I’m yet to see a non-violent demonstration that got out of hand and became violent before state violence took place – and most remained non-violent even after. The best example for me, because I was a part of, is the Gezi Park protests in 2013 in Turkey. I wrote above a bit; I needn’t tell more. Just remember that I didn’t attack anywhere, I didn’t harm anyone, and I would be lying dead had the police been better trained and had better aim.

Am I an exception? By far not. Those of you that had ever took part in demonstrations would know that there are some that are “part-time protestors”, and they are a minority in such large-scale protests. The majority are the silent people. As the saying goes: The sound of thousands overcomes the silence of millions. The silence is rarely broken and once broken, its sound is so scary that returning to the normal becomes the priority – not by finding an agreement but by silencing the silent. Every norm presupposes a normal said Carl Schmitt, and normal is the (opposing) masses being silent.
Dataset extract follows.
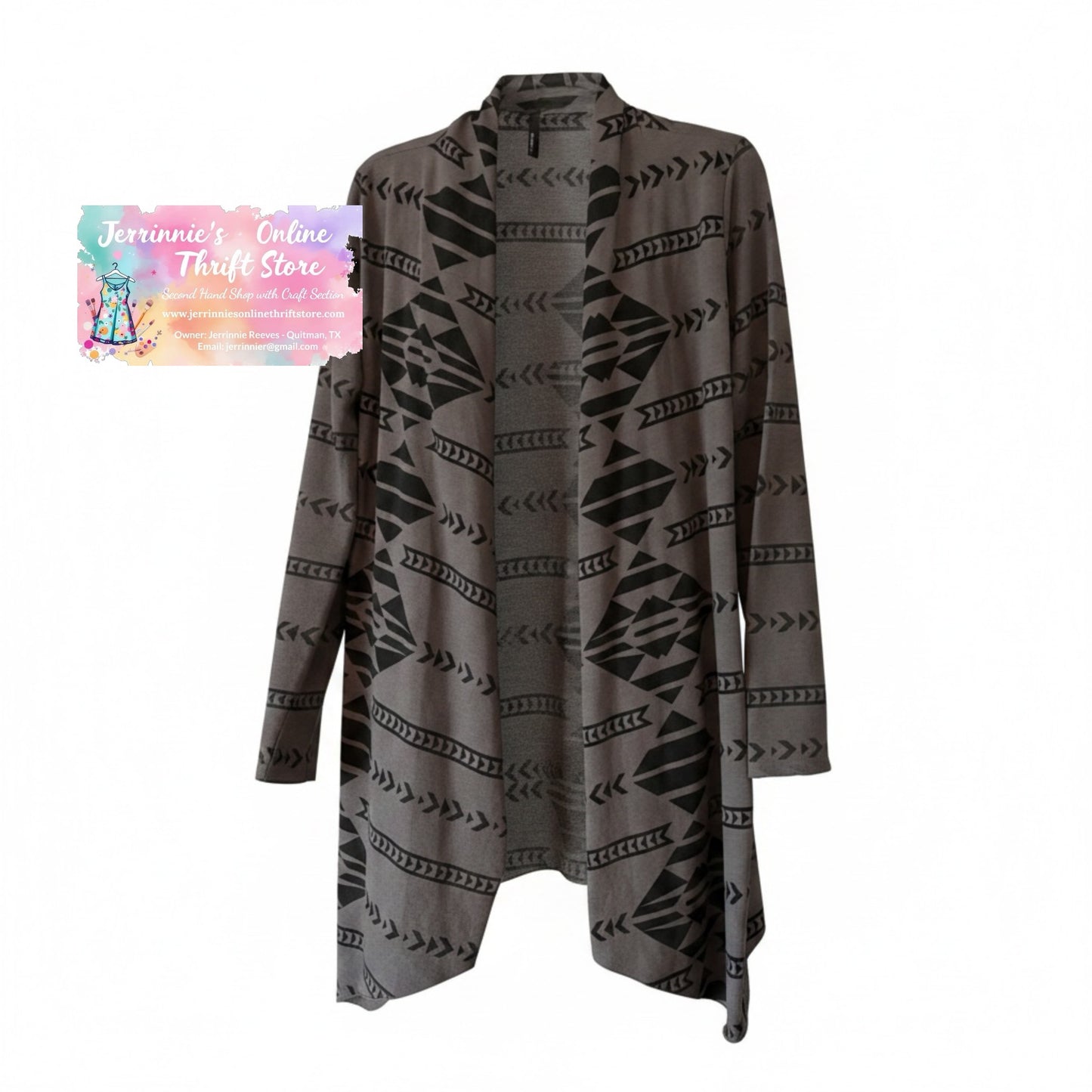 O'Neil Open Cardigan Size Large for Women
The easiest way to re-silence ordinary people is first by ignoring them, then by peppering and watering them. So is done in (almost) all countries: Those claim to be democratic do both, and those that do not jump to the second step directly. Some others, like Iran, start with the second and finishes the job by hanging people, especially the youth, but such regime and people cannot be considered human, hence I prefer excluding them and those alike.

Here comes the question: Why should we, the ordinary masses that are silent almost all the time, be peaceful, even after the state attacks us? Georgians are the last that enjoyed the brutal attacks of the police, and they remained as they were: On the street, standing tall and still, and non-violent. This returned to them with more violence. Why should they, or we as I’m part of the protests, remain peaceful?
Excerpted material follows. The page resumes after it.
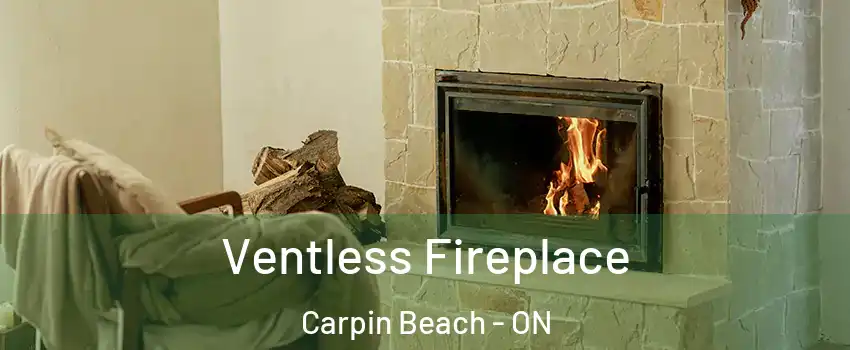  Ventless Fireplace Carpin Beach - ON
Those on the theoretical side of things argue that 1) the state is the organized form of the society, and 2) government is one thing, state is another. Being a non-voluntary organization, states cannot be defined or justified by, with, or for the society. At the best, it can be argued that states form nations, which isn’t exactly what Benedict Anderson argued for, but is close if we add Tilly’s famous wars make states and states make war argument. In such case we not only separate the society from the state but also say that the state is superior to the society over which it rules. This anyway is the case, the problem for our question appears at this point:

Sovereign is he who decides on the (state of) exception Schmitt wrote – and sovereign, albeit is argued to be the society in almost all constitutions, is the state, hence the government: State’s survival is more important than that of the society, and when needed, the state, at which point becomes synonymous with government, can suppress, or even give up on its own people for its high self. Conscription, for example, is a result of this: For the sake of the state’s survival, ordinary people that has no idea about holding a gun might be conscribed, trained for a month or two, and sent to death. Here were find the answer to the question: We need to be non-violent for it’s the well-being of the state that matters the most, society is the second – and society is not a monobloc unit, some of its members’ well-being does not matter because they’re the easiest to give up on.

Non-violence, or peaceful protests, are of extreme importance simply because the state does not need to respect the very basic human right: The right to life. I can’t but ask: Aren’t anarchists right, then?